Uma das ideias recorrentes na argumentação que defende a
incompatibilidade entre a ciência e a religião é a de que no ocidente,
durante a Idade Média e até ao Renascimento, não houve ciência porque a
Igreja o impediu. Esta perspectiva parece aceitar que a ciência moderna
teve início - para além da tradição islâmica –apenas no Renascimento,
como que a partir do zero, tendo a investigação científica entrado
imediatamente em conflito com a autoridade religiosa, separando-se da
sua esfera. Esta perspectiva persiste em ignorar estudos de história da
ciência que colocam em evidência as raízes medievais da ciência moderna
(Edward Grant,
Os Fundamentos da Ciência Moderna na Idade Média; id.,
Physical Sciences in the Middle Ages; David Lindberg (ed),
Cambridge
History of Science: The Middle Ages; William Wallace,
Prelude to
Galileo: Essays on Medieval and Sixteenth-Century Sources of Galileo’s
Thought).
Continua-se também a ignorar que o génio de Galileu não surgiu nem se
formou a partir do nada, e que ele manteve estreitas relações com muitos
dos seus contemporâneos Católicos, como os Jesuítas do Colégio Romano,
que tinham um observatório astronómico no qual tinha lugar investigação
do melhor nível que então se fazia na Europa, e cujos resultados
transmitiam aos seus alunos em aulas às quais assistiu o próprio Galileu
(William Wallace,
Galileo and His Sources: Heritage of the Collegio
Romano in Galileo’s Science). Ainda hoje os Jesuítas continuam a fazer
investigação de ponta a partir do Observatório Astronómico de
Castelgandolfo, e na sua secção no Arizona, Estados Unidos.

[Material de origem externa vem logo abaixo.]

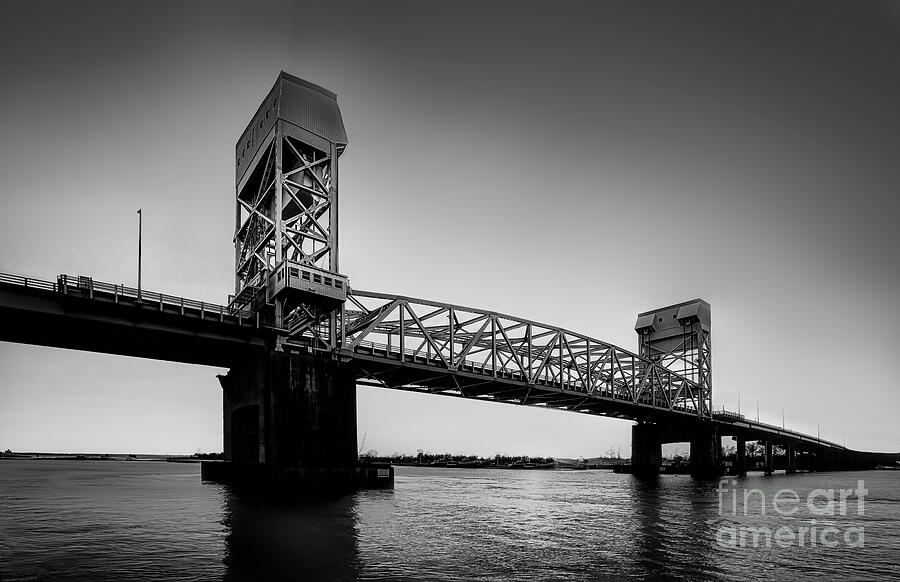 Cape Fear Memorial Bridge in Black and White Photograph by Shelia Hunt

A argumentação a favor do conflito entre ciência e religião procede
também por exemplos. Galileu e o seu conflito com a Inquisição é exemplo
de citação obrigatória. Mas uma tal argumentação deve escolher
cuidadosamente os casos de conflito e ignorar os casos de não conflito.
Por exemplo, o Jesuíta Ruger Boskovic (1711-1787) é considerado um dos
precursores da moderna teoria atómica da matéria e o Padre Georges
Lemaître foi quem primeiro sugeriu o que mais tarde viria a chamar-se a
teoria do Big Bang sobre a origem do universo (
The Primeval Atom).
Nenhum deles criou qualquer conflito com as autoridades religiosas, mas estes exemplos são cuidadosamente ignorados porque deitariam facilmente por terra toda a argumentação dos não crentes. Os crentes sabem que a questão é complexa, mas para os não crentes tudo parece muito simples e evidente.